RAW DATA
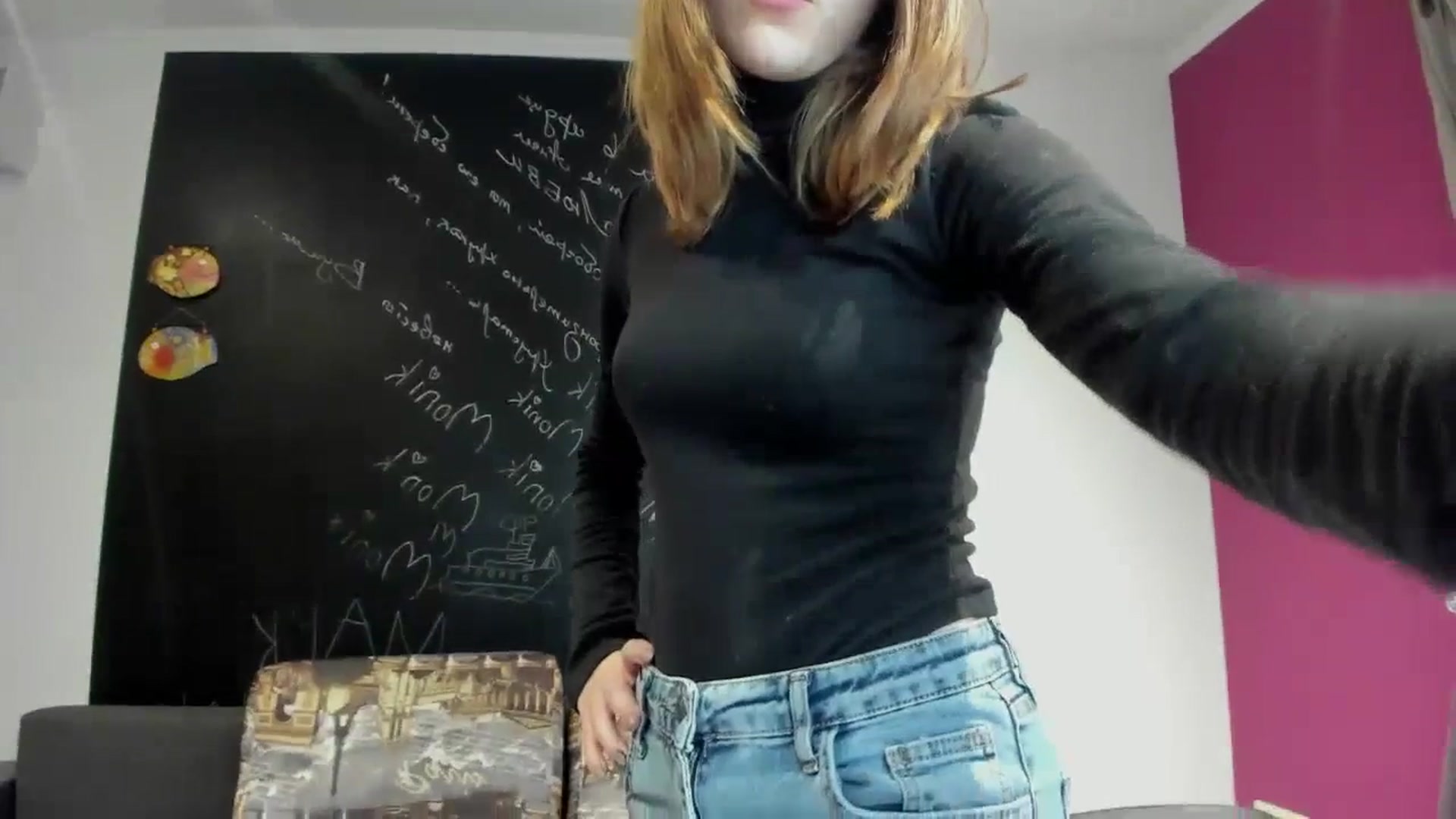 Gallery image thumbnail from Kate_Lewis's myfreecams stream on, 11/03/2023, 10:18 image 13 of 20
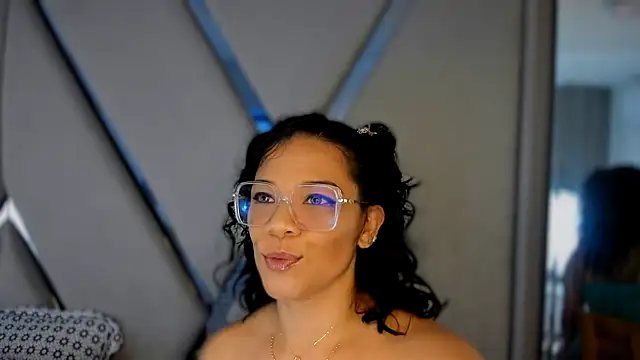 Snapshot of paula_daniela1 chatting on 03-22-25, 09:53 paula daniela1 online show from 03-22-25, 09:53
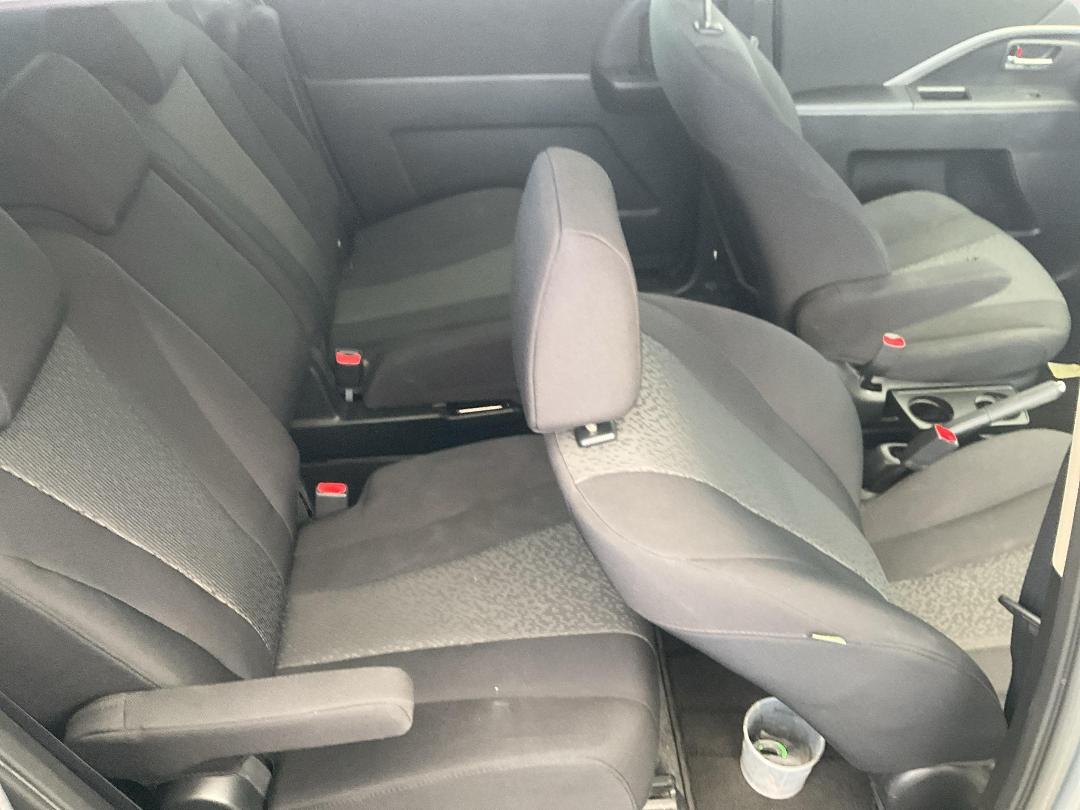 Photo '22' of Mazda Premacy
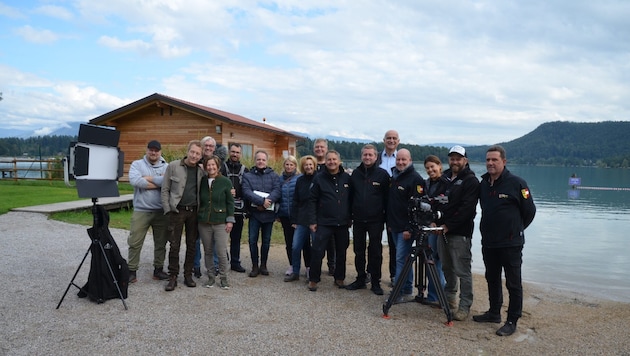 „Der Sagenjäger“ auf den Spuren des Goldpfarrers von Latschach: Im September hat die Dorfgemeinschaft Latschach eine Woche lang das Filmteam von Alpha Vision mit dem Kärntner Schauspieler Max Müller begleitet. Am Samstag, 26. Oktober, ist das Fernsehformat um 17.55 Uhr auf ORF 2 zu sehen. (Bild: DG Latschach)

WHAT THIS TASK INVOLVES
With pictures omitted, reproduce exactly the lines from the line containing "Photo '22' of Mazda Premacy" through the end of the data above.

WRITTEN SOLUTION
 Photo '22' of Mazda Premacy
 „Der Sagenjäger“ auf den Spuren des Goldpfarrers von Latschach: Im September hat die Dorfgemeinschaft Latschach eine Woche lang das Filmteam von Alpha Vision mit dem Kärntner Schauspieler Max Müller begleitet. Am Samstag, 26. Oktober, ist das Fernsehformat um 17.55 Uhr auf ORF 2 zu sehen. (Bild: DG Latschach)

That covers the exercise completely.